Segment Open

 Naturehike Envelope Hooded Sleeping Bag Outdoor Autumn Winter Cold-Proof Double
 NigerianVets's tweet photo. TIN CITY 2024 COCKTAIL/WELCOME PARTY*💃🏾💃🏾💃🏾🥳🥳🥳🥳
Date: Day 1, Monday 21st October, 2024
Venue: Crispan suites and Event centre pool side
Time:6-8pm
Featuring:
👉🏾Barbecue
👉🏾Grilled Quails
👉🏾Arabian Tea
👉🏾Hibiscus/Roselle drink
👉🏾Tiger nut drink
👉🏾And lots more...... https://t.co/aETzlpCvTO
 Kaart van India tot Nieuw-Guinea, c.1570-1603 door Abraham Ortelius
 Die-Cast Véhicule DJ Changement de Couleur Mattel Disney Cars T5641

Segment Closed
Segment Open

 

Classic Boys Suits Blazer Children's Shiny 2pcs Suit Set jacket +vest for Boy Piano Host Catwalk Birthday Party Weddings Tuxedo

Segment Closed

**EXERCISE:** Start with the line above that contains "Naturehike Envelope Hooded" and end with the line that contains "Die-Cast Véhicule DJ". Write out those lines exactly, and only those.

**SOLUTION TO THE PROBLEM:**
 Naturehike Envelope Hooded Sleeping Bag Outdoor Autumn Winter Cold-Proof Double
 NigerianVets's tweet photo. TIN CITY 2024 COCKTAIL/WELCOME PARTY*💃🏾💃🏾💃🏾🥳🥳🥳🥳
Date: Day 1, Monday 21st October, 2024
Venue: Crispan suites and Event centre pool side
Time:6-8pm
Featuring:
👉🏾Barbecue
👉🏾Grilled Quails
👉🏾Arabian Tea
👉🏾Hibiscus/Roselle drink
👉🏾Tiger nut drink
👉🏾And lots more...... https://t.co/aETzlpCvTO
 Kaart van India tot Nieuw-Guinea, c.1570-1603 door Abraham Ortelius
 Die-Cast Véhicule DJ Changement de Couleur Mattel Disney Cars T5641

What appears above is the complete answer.